Enabling Chemical Engineering with Data Science

Enabling Chemical Engineering with Data Science

By David Beck  |  December 2017

From high-throughput experimentation to large-scale observational studies and massive simulations, there has been an unending succession of advances in our ability to generate large data sets. These advances have been made possible by the commoditization of robotic instrumentation, the increasing availability, decreasing cost, and improved accuracy of sensing and imaging technologies, and the continually declining cost of scalable computation and data storage. However, large data sets are often synthesized from several sources, resulting in heterogeneity and complexity that requires reconciliation. They may also contain noise or other challenging features. As a result, knowledge extraction has been limited. Data Science is meant to address this bottleneck. At its core, Data Science is the intersection of statistics, data management, visualization, Machine Learning and software engineering. It is at its most powerful when overlaid onto the fabric of substantive domain expertise.

The challenges of data management begin the moment data is collected. In the case of a large-scale streaming sensor network, do we save all the data–potentially billions of samples–or just time-windowed statistical summaries?  What implications do these decisions have on our ability to use the data effectively in downstream analyses? In a high-throughput imaging experiment, how should the data be stored to be most effectively used by image processing software? In all cases, we wrestle with what metadata to record so that data is correctly interpreted and its provenance captured. Working effectively with data sets requires knowledge and understanding of databases and data management strategies.

Chemical engineering is an ideal environment to deploy Data Science methodologies. For example, chemical plants are highly automated settings in which sensor networks provide continuous streams of data. However, traditional model predictive control techniques often fail due to process complexity or a mismatch between the speed of computation and the response rate required for high performance.  In such instances, Machine Learning methods can be used to learn process control rules with a high level of accuracy and millisecond run times.

Machine Learning is often broken down into supervised and unsupervised. In supervised learning, a model designed to predict the behavior of a system is trained with data labeled by domain experts and careful experimental design. For example, to identify order or disorder in a microscopy image, a Machine Learning model may be trained with hundreds of labeled images. Unsupervised learning does not have the benefit of labels and tries to discover meaningful relationships and structures within the data. An example would be the clustering of gene expression data to design an industrial microbe that produces massive amounts of a commercially valuable compound.

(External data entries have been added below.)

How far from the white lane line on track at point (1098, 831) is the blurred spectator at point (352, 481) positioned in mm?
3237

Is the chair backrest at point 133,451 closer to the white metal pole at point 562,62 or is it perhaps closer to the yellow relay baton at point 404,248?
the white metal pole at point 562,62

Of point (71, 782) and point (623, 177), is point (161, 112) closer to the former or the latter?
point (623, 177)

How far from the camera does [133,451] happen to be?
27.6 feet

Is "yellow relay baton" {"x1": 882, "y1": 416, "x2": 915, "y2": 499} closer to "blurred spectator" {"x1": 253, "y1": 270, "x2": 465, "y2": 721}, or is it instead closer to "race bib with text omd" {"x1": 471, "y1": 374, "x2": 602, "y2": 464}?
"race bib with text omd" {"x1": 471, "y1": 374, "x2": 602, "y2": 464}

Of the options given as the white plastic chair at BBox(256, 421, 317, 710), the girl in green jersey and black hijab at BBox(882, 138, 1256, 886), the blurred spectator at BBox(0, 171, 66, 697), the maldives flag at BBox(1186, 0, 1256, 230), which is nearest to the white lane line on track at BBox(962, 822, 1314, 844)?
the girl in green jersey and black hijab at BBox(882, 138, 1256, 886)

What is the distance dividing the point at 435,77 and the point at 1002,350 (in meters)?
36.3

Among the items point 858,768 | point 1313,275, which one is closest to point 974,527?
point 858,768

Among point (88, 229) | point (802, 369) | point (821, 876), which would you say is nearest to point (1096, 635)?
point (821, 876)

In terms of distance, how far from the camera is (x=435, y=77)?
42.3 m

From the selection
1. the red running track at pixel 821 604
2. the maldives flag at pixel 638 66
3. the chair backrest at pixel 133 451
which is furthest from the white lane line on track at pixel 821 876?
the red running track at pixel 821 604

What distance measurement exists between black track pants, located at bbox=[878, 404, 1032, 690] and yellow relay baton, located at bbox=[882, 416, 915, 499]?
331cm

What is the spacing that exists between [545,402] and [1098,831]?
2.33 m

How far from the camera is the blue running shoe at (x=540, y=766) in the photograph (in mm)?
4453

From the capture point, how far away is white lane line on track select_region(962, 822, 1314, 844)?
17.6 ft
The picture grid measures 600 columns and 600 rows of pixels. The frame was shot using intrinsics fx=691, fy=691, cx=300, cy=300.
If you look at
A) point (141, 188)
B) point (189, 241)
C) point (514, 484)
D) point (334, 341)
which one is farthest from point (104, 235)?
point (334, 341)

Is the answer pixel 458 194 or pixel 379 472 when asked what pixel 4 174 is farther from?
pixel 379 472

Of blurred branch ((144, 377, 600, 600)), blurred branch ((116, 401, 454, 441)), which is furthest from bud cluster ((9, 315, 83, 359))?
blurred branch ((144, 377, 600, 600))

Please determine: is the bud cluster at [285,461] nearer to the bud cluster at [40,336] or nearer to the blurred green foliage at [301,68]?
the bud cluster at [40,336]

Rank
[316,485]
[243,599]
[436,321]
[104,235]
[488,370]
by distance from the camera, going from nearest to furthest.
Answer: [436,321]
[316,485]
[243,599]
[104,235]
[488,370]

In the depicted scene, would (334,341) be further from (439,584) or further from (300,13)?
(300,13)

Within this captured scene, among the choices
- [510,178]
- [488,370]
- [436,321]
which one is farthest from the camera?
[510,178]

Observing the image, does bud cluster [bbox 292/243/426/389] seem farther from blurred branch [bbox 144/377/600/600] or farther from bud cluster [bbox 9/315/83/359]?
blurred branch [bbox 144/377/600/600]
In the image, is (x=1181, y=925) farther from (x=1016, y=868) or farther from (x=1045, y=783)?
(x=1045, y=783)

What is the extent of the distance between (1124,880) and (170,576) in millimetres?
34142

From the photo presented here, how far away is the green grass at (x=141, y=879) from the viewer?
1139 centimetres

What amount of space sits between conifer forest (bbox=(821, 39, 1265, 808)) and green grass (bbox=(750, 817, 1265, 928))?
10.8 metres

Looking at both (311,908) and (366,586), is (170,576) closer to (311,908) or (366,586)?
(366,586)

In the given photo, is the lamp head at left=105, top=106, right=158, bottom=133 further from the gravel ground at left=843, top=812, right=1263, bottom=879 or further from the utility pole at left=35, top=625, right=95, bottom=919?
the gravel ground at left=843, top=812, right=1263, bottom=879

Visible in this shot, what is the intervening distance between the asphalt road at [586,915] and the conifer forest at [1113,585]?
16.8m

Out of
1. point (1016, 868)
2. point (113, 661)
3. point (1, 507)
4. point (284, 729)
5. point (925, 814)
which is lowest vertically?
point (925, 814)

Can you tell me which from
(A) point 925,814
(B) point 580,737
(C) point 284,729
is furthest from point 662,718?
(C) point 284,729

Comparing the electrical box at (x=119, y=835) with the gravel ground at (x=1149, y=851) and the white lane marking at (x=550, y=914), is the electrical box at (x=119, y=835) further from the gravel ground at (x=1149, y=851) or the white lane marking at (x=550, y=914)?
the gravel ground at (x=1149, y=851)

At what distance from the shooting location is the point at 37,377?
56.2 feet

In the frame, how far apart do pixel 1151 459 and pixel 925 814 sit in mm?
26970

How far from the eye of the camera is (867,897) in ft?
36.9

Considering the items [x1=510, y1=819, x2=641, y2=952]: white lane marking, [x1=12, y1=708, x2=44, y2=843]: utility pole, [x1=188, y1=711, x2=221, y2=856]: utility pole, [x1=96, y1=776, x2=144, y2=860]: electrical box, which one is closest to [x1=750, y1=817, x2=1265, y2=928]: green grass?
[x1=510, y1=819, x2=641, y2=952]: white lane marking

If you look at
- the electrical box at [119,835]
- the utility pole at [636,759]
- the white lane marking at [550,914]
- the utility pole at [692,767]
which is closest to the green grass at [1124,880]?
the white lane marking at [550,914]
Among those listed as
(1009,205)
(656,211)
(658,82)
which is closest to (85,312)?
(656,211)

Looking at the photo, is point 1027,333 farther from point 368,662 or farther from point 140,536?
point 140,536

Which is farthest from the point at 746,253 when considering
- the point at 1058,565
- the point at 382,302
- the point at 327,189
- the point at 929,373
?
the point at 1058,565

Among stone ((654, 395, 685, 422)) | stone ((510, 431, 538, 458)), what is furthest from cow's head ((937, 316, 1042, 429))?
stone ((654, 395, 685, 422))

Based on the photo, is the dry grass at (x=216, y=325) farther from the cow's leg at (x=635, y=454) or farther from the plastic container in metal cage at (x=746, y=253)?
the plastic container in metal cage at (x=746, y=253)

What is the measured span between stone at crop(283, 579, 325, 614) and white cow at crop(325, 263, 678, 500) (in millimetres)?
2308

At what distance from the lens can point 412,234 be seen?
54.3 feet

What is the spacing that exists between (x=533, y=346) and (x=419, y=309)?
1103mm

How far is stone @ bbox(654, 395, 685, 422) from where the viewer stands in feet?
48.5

Data Science is equally powerful when applied to hybrid pipelines that couple high-throughput characterization experiments to data driven modeling. These pipelines tend to be “virtuous design-build-test cycles” where experimental data are used for model building, models are used to design experiments that test model accuracy, and results are fed back into models. With this cycle repeating until the model is accurate, it becomes possible to create new materials or medicines with unique properties.              

Finally, statistics and visualization play important roles in Data Science. A rigorous knowledge of statistics, including probability distributions and hypothesis testing, are important to high quality experimental design that will yield valid and reproducible results. Statistics also plays a vital role in mean-time-between-failure analysis and other production floor associated concepts. In the case of visualization, when data contain thousands of variables across millions of observations, we have go beyond scatterplots to convey the stories in our data to stakeholders and peers.

Building on our leadership position in graduate Data Science training (see accompanying articles), we are developing curricula and enhanced experimental facilities at the undergraduate level. Students will continue to learn how to design statistically rigorous experiments, but will do so in a high-throughput setting. The large datasets they will generate will then be used for Data Science coursework, such as process modeling and control with Machine Learning techniques.

These future chemical engineers will be poised to dive into a data-rich future to generate new knowledge and solutions for our changing world.